Klasik biçiminde ırkçılık, insanların, onları birbirlerinden ayıran, genetik olarak belirlenmiş özelliklere sahip, biyolojik olarak tanımlanmış «ırklara» bölünebileceğini varsayar. Tarihsel olarak bu farklılıklar, ayrıcalıkların verildiği veya verilmeyebileceği «üstün» ve «aşağı ırklar» hiyerarşisini oluşturmak için kullanılmıştır. Bu nedenle ırkçılık geçmişte sömürgeciliğin ve köleliğin meşrulaştırılmasına hizmet etmiştir. Irkçılık, evrensel insan haklarına yönelik bir saldırıdır. İnsan Hakları Evrensel Bildirgesi’nin temel ilkelerinden birini, yani tüm insanların özgür, onur ve haklar bakımından eşit doğduğunu inkâr ediyor. Irkçılık, ten rengi, “ırk” veya etnik köken, ulusal veya sosyal köken bahanesiyle insanların temel haklarını kullanmalarını sistematik olarak reddeder. Bu nedenle ırkçılık ister medeni ve siyasi ister ekonomik, sosyal veya kültürel haklar olsun, tüm insan haklarına yönelik bir tehdittir.

Uluslararası hukukta ırkçılığın bir tanımı bulunmamakla birlikte, uluslararası kabul görmüş insan hakları standartları, ırk veya etnik kökene dayalı ayrımcılığı yasaklamaktadır. “Farklı” veya “yabancı” olarak algılanan insanlara yönelik önyargı, nefret ve şiddetin pek çok nedeni ve ciddi sonuçları var.
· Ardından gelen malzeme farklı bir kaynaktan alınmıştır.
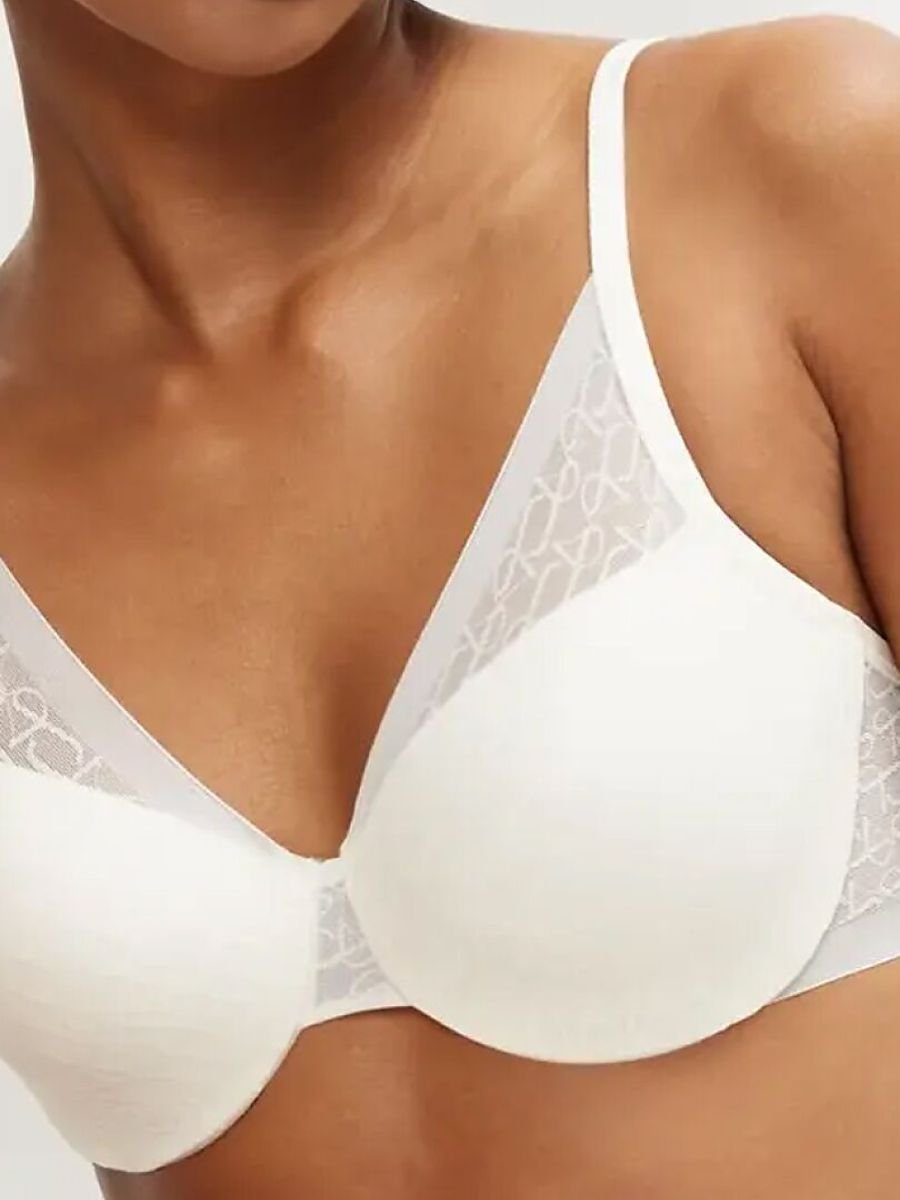 Padded bra model 229129 Triumph — изображение 2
Her türlü ayrımcılığın temelinde kimlik kavramına ve belirli bir grupla özdeşleşme ihtiyacına dayanan önyargılar vardır. Irkçılık, dışlama ve ayrımcılıktan apartheid, etnik temizlik ve soykırıma kadar her şeye yol açabilir.
Irk ayrımcılığına maruz kalmama hakkı uluslararası insan hakları hukukunun temel taşıdır. Dünya genelinde ırkçılıkla mücadeleye adanmış kuruluşların çabalarına rağmen, neredeyse tüm toplumlarda ırk ayrımcılığı mevcuttur. Irkçılık sıklıkla egemen gruplar tarafından toplumdaki ayrıcalıklı statülerinin gerekçesi olarak kullanılır… Ancak ırkçı tutum, bazen kendileri de toplum tarafından dışlanmış gruplarının yabancılaşmasının ve çaresizliğinin bir ifadesi olabilir.

GÜNDELİK IRKÇILIK

Bu sizin ait olduğunuz varsayılan kökeniniz meselesidir. Sürekli ve yersiz nedenlerle nereden geldiğinin, ülkene geri dönmüyor musun sorusunun sorulması, burada doğan çocuklara bile Almancasının, Fransızcasının vb. iyi olduğu gibi sözde iltifatlar, otobüsteki aşağılayıcı bakışlar, stadyumdaki ırkçı bağırışlar, eğlence yerlerine girişte reddedilmeler, çifte standart uygulayan eğitmen, ırkçılığa, kitap, gazete ve filmlerdeki ayrımcı tasvirlere duyarsız kalan meslektaşlarımız, genelleme yapmalar, bütün Almanlar Nazi, Balkanlılar asabi, Romenler hırsız, hiç biri okuma yazma bilmez vs. Kökenlerinin ait olduğu ülkelerde olan negatif gelişmelerin bir sorumlularının bir parçasıymışsın gibi davranılması, suçlanılması, sizinkiler diye başlayan iğnemeler gündelik ırkçılığın parçasıdır.
İnsanları etnik gruplara, uluslara, kültürlere veya ırksal yapılara göre çekmecelere ayırmak için katı, geleneksel sınıflandırmalar kullanılıyor. Bu sınıflandırmalar çoğunlukla olumsuzdur ve ırkçı düşünce ve eylem kalıpları tarafından belirlenir. Burada yaşanan, insanların «biz» ve «onlar» diye gruplara ayrılmasıdır. Sosyoloji bu süreci “ötekileştirme” olarak adlandırıyor, bu da “biz”in aksine “onların” genellikle olumsuz değerlendirildiği anlamına geliyor.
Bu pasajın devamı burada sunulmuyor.